WORK REQUIRED: Find the line with "Инициальные аббревиатуры. Буквенные" and the line with "企业洗澡原理什么意思_女生说洗澡是什么意思" in the entries below; output exactly those two lines, every line between them, and no others.

SUPPLIED RECORDS:
= = = = = = =

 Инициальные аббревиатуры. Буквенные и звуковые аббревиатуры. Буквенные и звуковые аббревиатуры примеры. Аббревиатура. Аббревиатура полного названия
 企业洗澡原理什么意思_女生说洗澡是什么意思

= = = = = = =

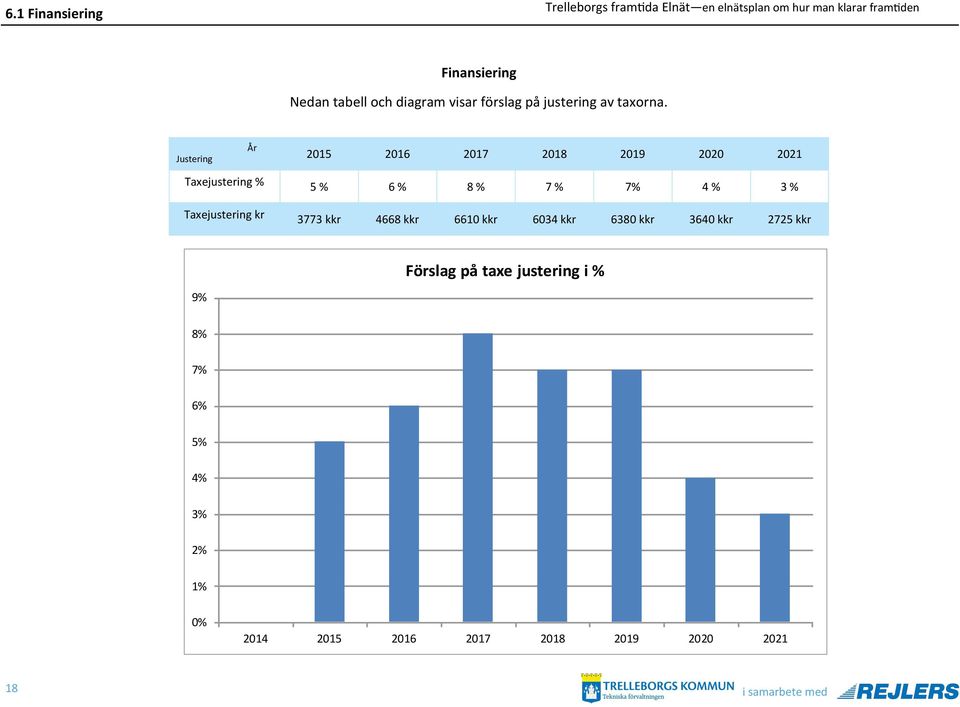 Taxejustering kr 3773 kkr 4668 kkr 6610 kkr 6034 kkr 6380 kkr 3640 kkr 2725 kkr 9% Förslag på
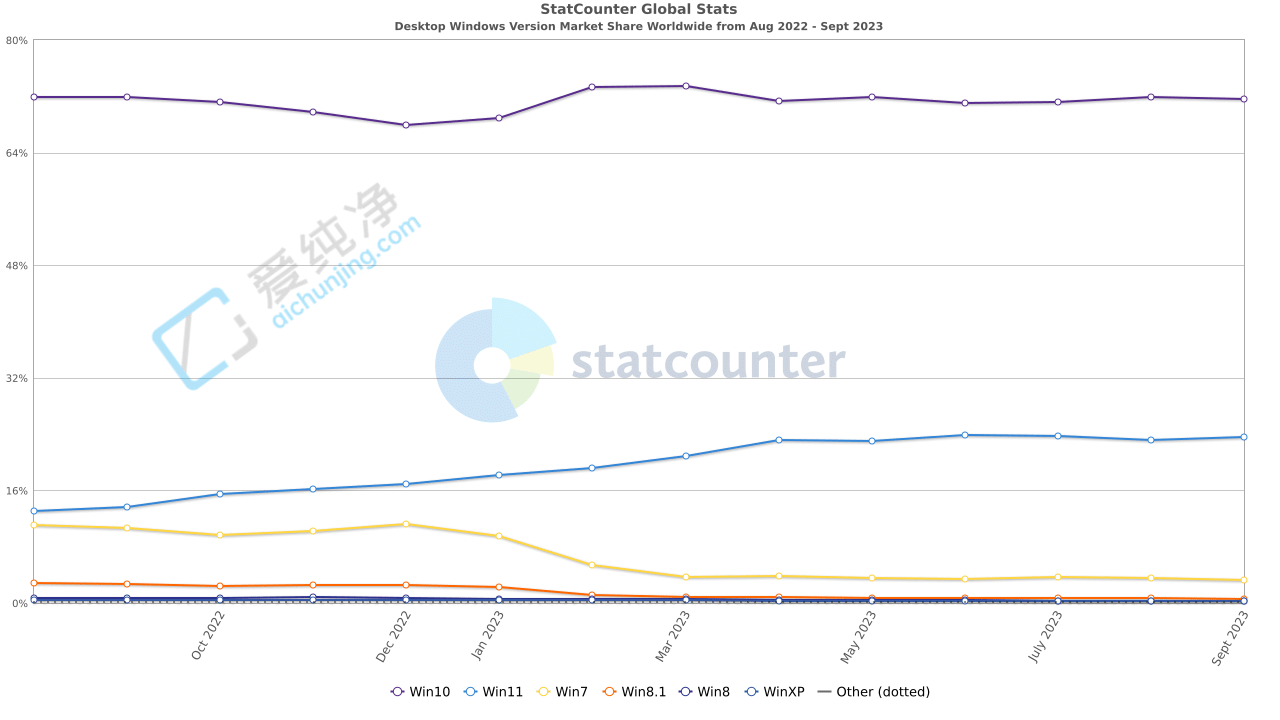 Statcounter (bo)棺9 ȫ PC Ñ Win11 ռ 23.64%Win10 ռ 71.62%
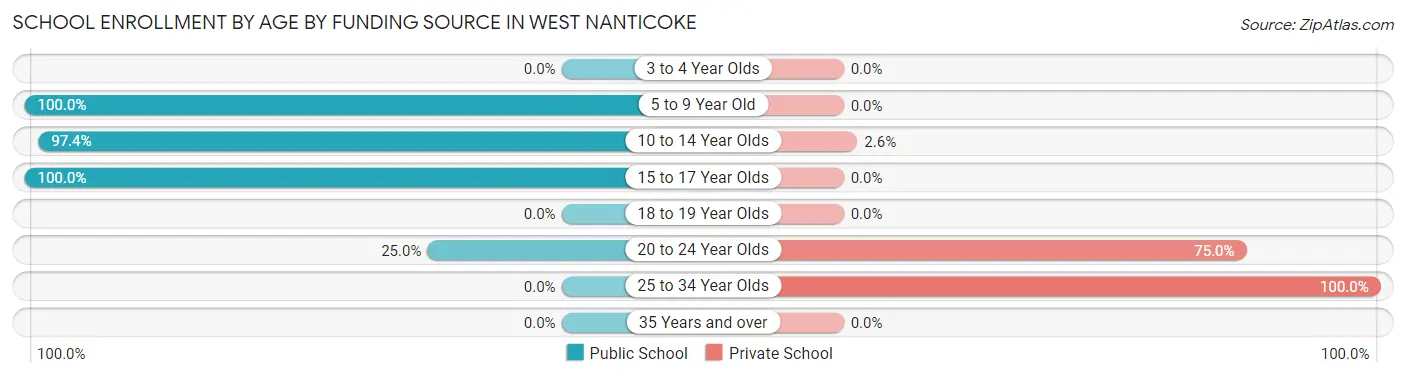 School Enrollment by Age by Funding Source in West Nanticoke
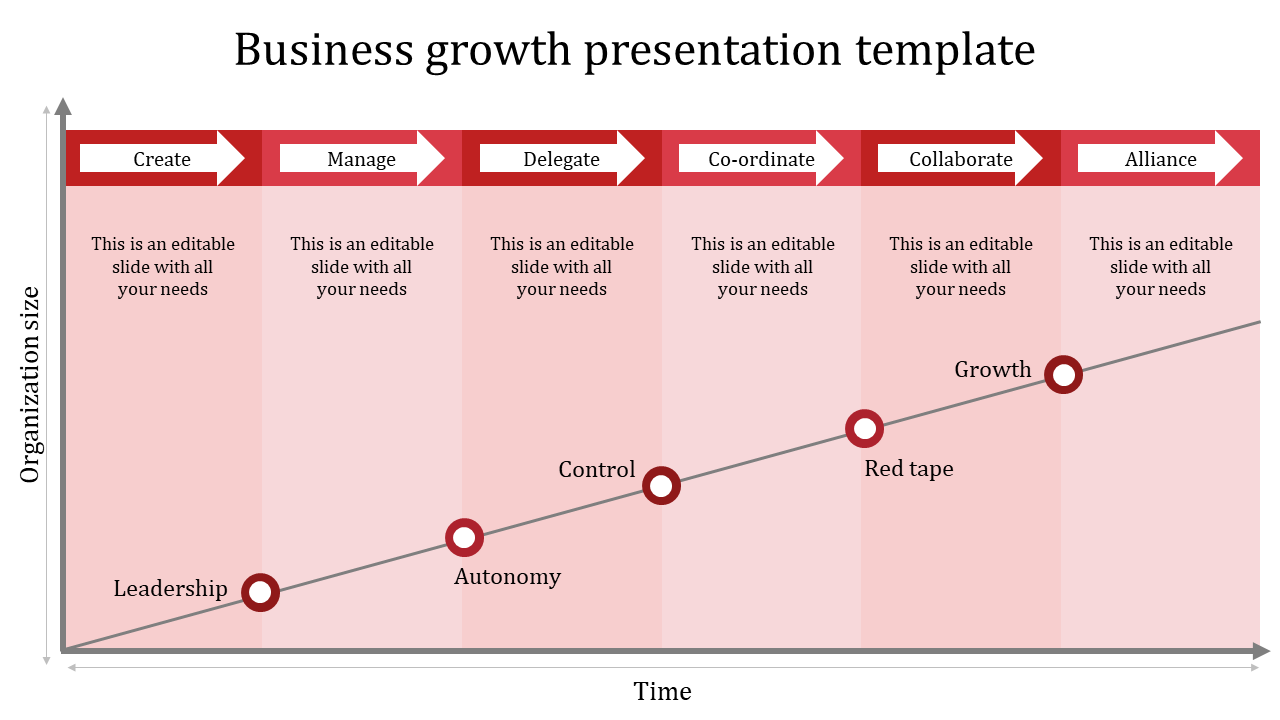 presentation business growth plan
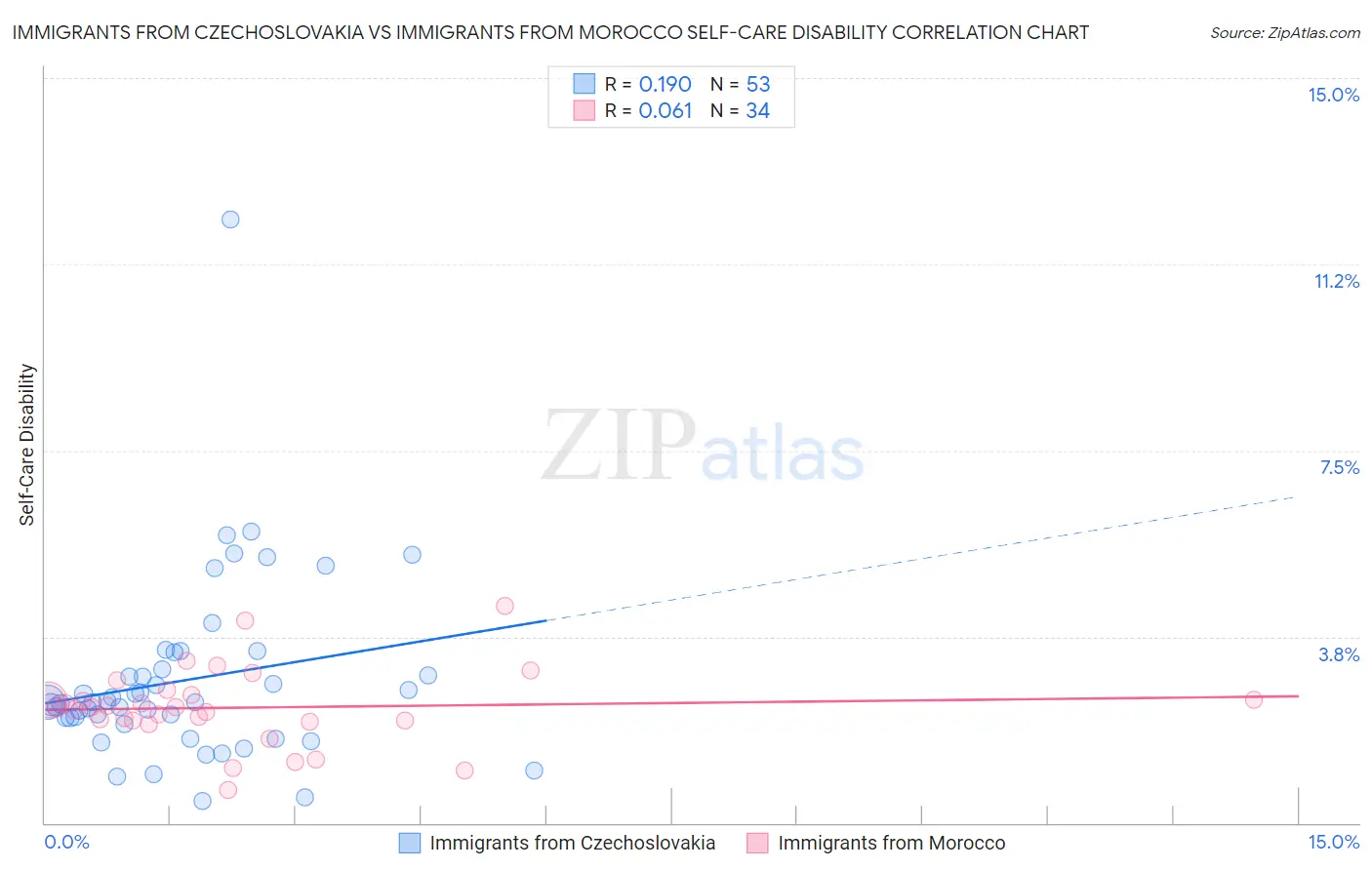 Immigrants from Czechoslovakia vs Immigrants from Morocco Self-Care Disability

= = = = = = =

WRITTEN ANSWER:
 Инициальные аббревиатуры. Буквенные и звуковые аббревиатуры. Буквенные и звуковые аббревиатуры примеры. Аббревиатура. Аббревиатура полного названия
 企业洗澡原理什么意思_女生说洗澡是什么意思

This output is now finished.